A simmelian tie (can be capitalized as a Simmelian tie) is a type of an interpersonal tie, a concept used in the social network analysis. For a simmelian tie to exist, there must be three (a triad) or more of reciprocal strong ties in a group. A simmelian tie is seen as an even stronger tie than a regular strong tie.

A simmelian tie can be seen as a basic element of a clique.

==Definition and an example==
Whereas the basic ties are known as strong or weak and focus on the strength of the analyzed relationship, simmelian ties are concerned with more than just the strength of the relationship. They look at the number of strong ties within a group. For a simmelian tie to exist, there must be three (a triad) or more of reciprocal strong ties in a group. A simmelian tie is viewed as even stronger than a regular strong tie.

For example, if Adam has a strong tie to Betty, and both Adam and Betty share a strong tie to Charles, this three-way tie would be a simmelian one.

==History and use==
The concept of a Simmelian tie has been developed by David Krackhardt in his 1999 paper, The ties that torture: Simmelian tie analysis in organizations. Research in the Sociology of Organizations. Krackhardt developed the concept of a simmelian tie as an alternative to Ronald Burt's structural hole theory. Simmelian ties are based on the work of, and named after, Georg Simmel, a sociologist who distinguished social triads as an important social structure that's qualitatively different from dyadic relationships in more and more important ways than just the number of people participating.

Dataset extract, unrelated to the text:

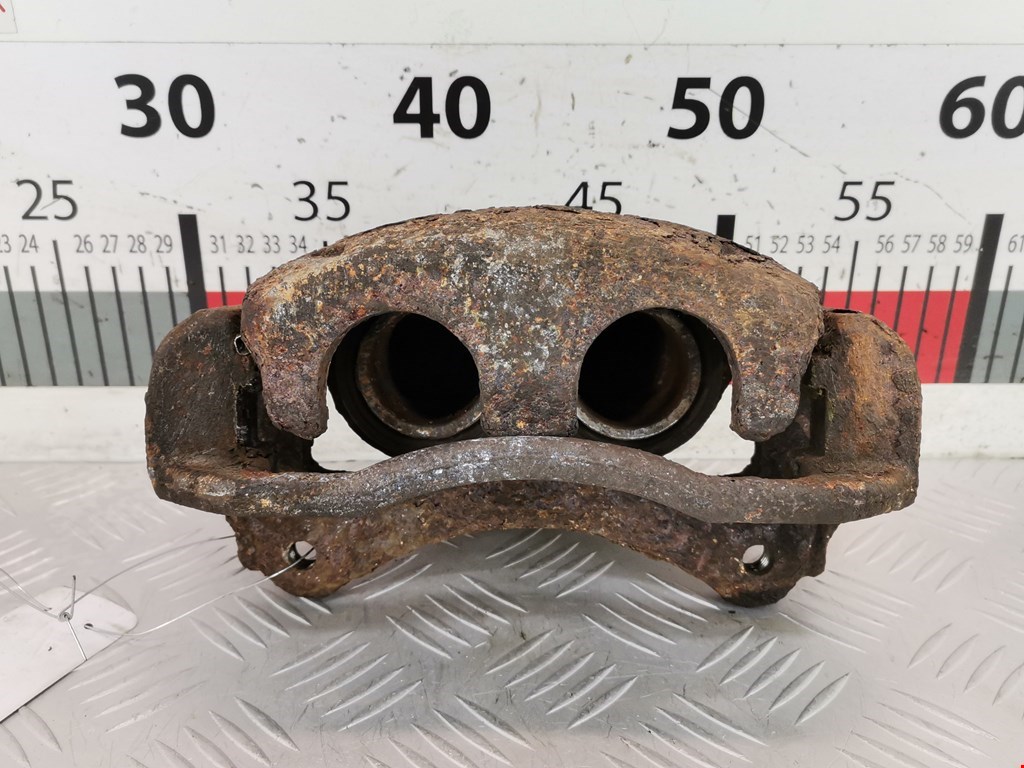 Суппорт передний правый FORD Explorer 1995-2001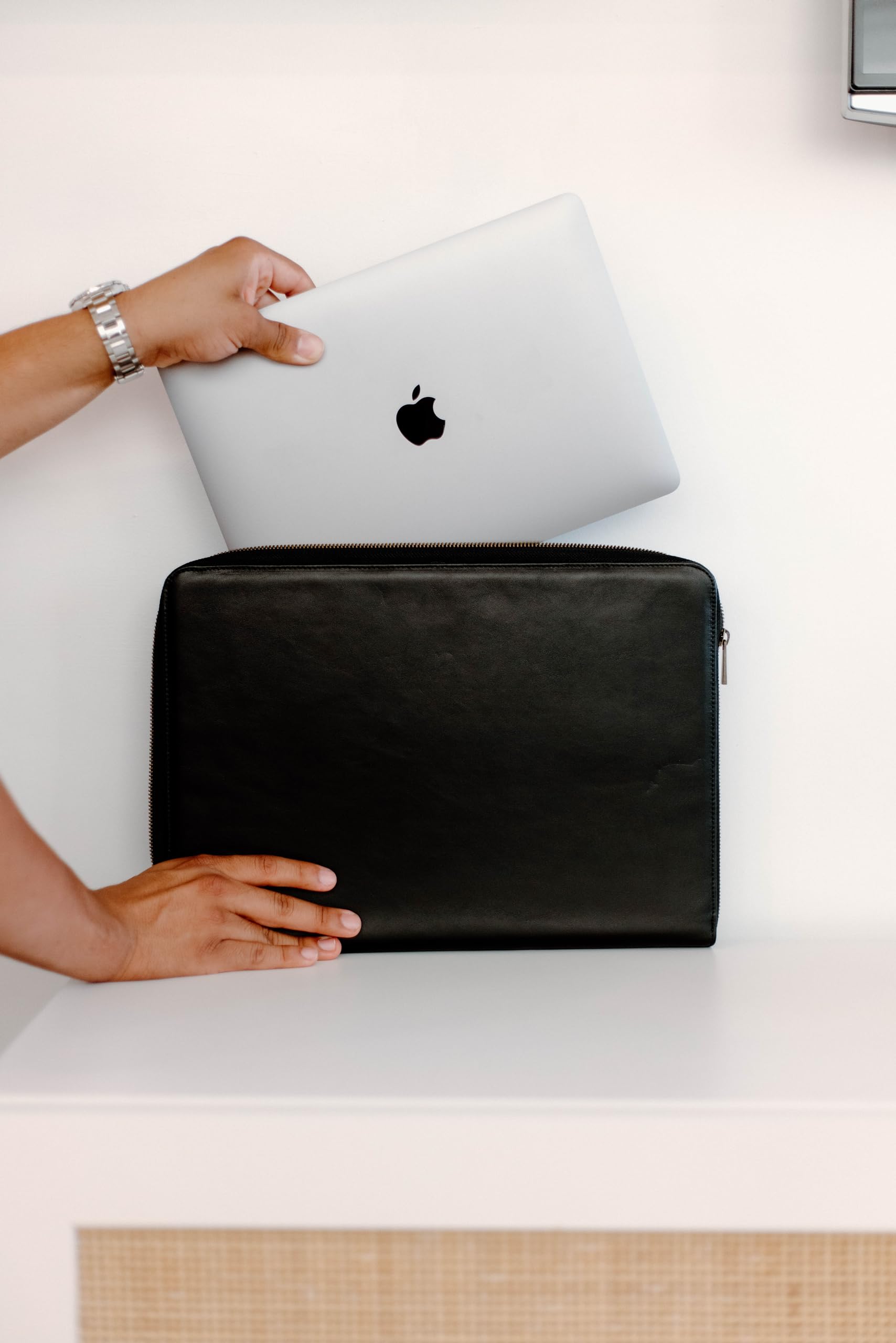 Amazon.com: Bullstrap Full-Grain Leather Laptop Sleeve Cover Case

The concept of a Simmelian tie is related to that of a clique; each pair of nodes (individuals) in a clique has a Simmelian tie between them. Thus a simmelian tie can be defined as a basic tie in a clique, or a co-clique relationship (between individuals who belong to a specific clique).

A simmelian tie strengthens the relationship (tie) between the individuals, but it is also restricting - it subjects those individuals to a group norm. In his original paper, Krackhardt stressed that restriction, noting that the more cliques one has simmelian ties to, the more constrained one is.

The concept of a simmelian tie is used in the social network analysis. It has been used in the study of organizations, including Wikipedia.